To go succeed you will be tested
What usually happens on test day is similar to taking the SAT's when one was in High school. The test starts promptly at 0700 in the morning and you are given 3 hours to complete the test. When you show up the only thing allowed for use is either a calculator. Then set up on the test table is usually two #2 pencils, two sheets of scratch paper, and usually the advancement worksheet. The advancement worksheet has all of your personal and professional information on it. Such information as how many awards you have, the average score of your performance evals, and time in pay grade and time in active service. Nothing else is allowed on the table or in the testing room.
From there at 0700 you begin the test and for the next three hours you rack your brain and try to data dump everything you should have study or had study the previous 5 months from when the bibliography of books that the test will be based on was published. The really interesting thing about the test is how they will use unusually complex words and sentences to ask a simple thing. For example the test writers might think of a simple question such as "Who tall is a tree in the forest?". So to ask a question like that they will write it similar to this, "While standing next to a tree in a forest and you see the sun is going near its highest peak and your shadow is cast to your starboard side for a total distance of 8ft. What is the total height of the tree?"

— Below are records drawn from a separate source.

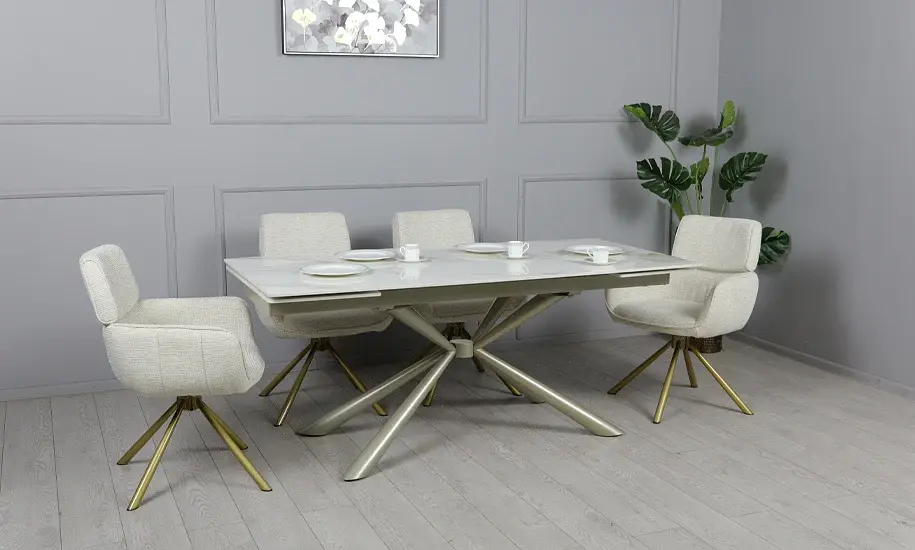 Стул Артур с вращающимся механизмом айвори - фото 12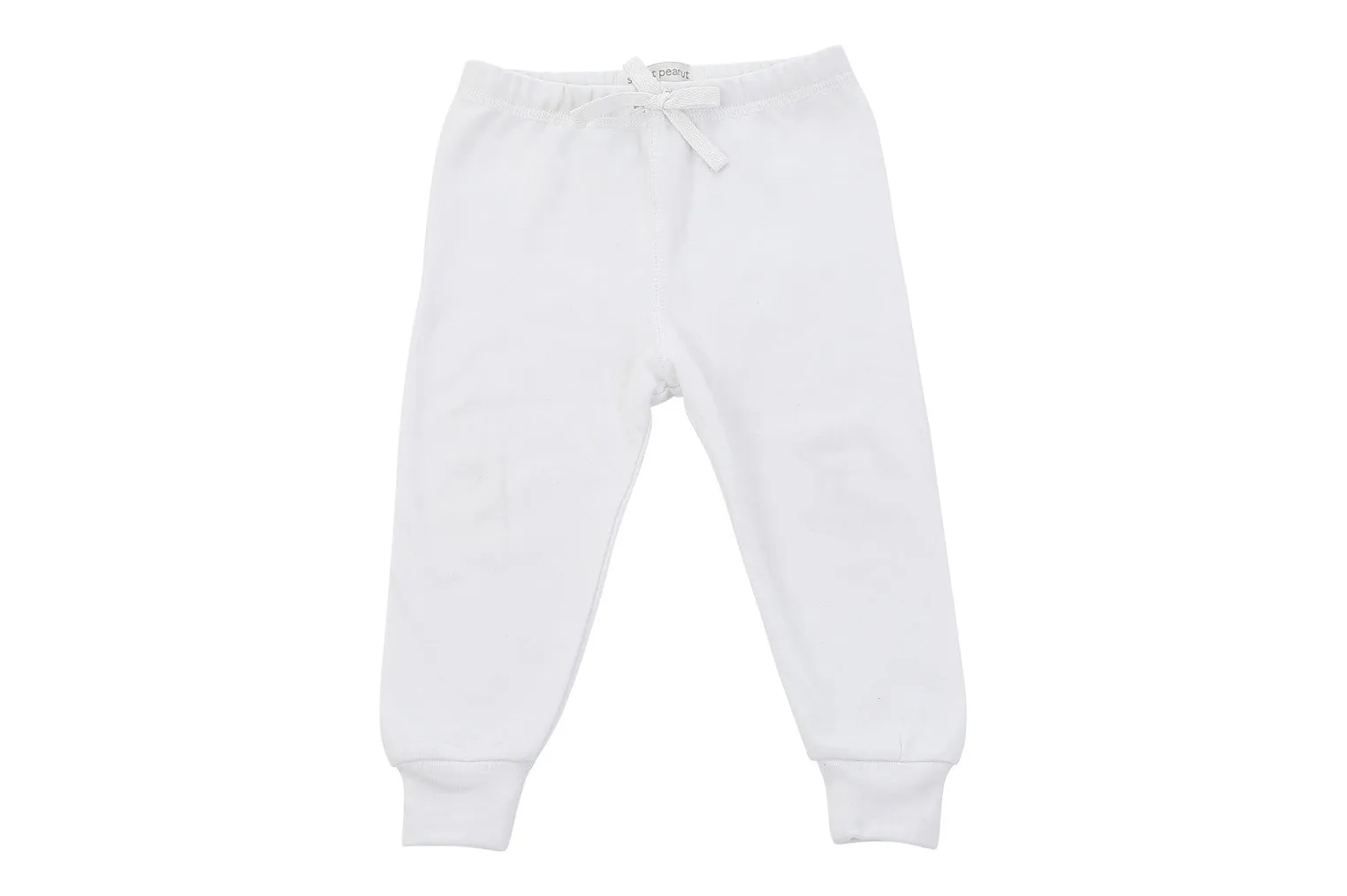 cozy pants in white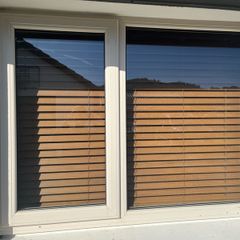Window and matching blind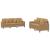 Set de canapele cu perne, 2 piese, maro, catifea GartenMobel Dekor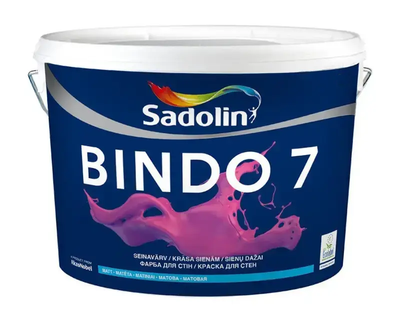 Краска для стен и потолка латексная матовая Sadolin Bindo 7 Бесцветный BC 8.37л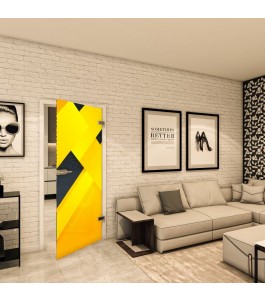 Ganzglastür - Fotoprint Model 15 für ein modernes Zuhause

There are 200 different questions about about half of them will be written like those above. At the end of it all following the data dump from ones mind you feel incredibly stupid. There have been a few times that I have finished and had to look at my uniform to remember what my name was.
After the test is turned in, you have 3 months to wait for the results and there is the typical results following the grading of a test. Either plenty of teeth gnashing because one passed the test but didn't do it well enough to advance or the jumping for joy happiness because one passes the test and gets the promotion with the more money and more responsibilities.
If you don't make it then you in turn start to go begin studying again and hope that the dice roll right for you.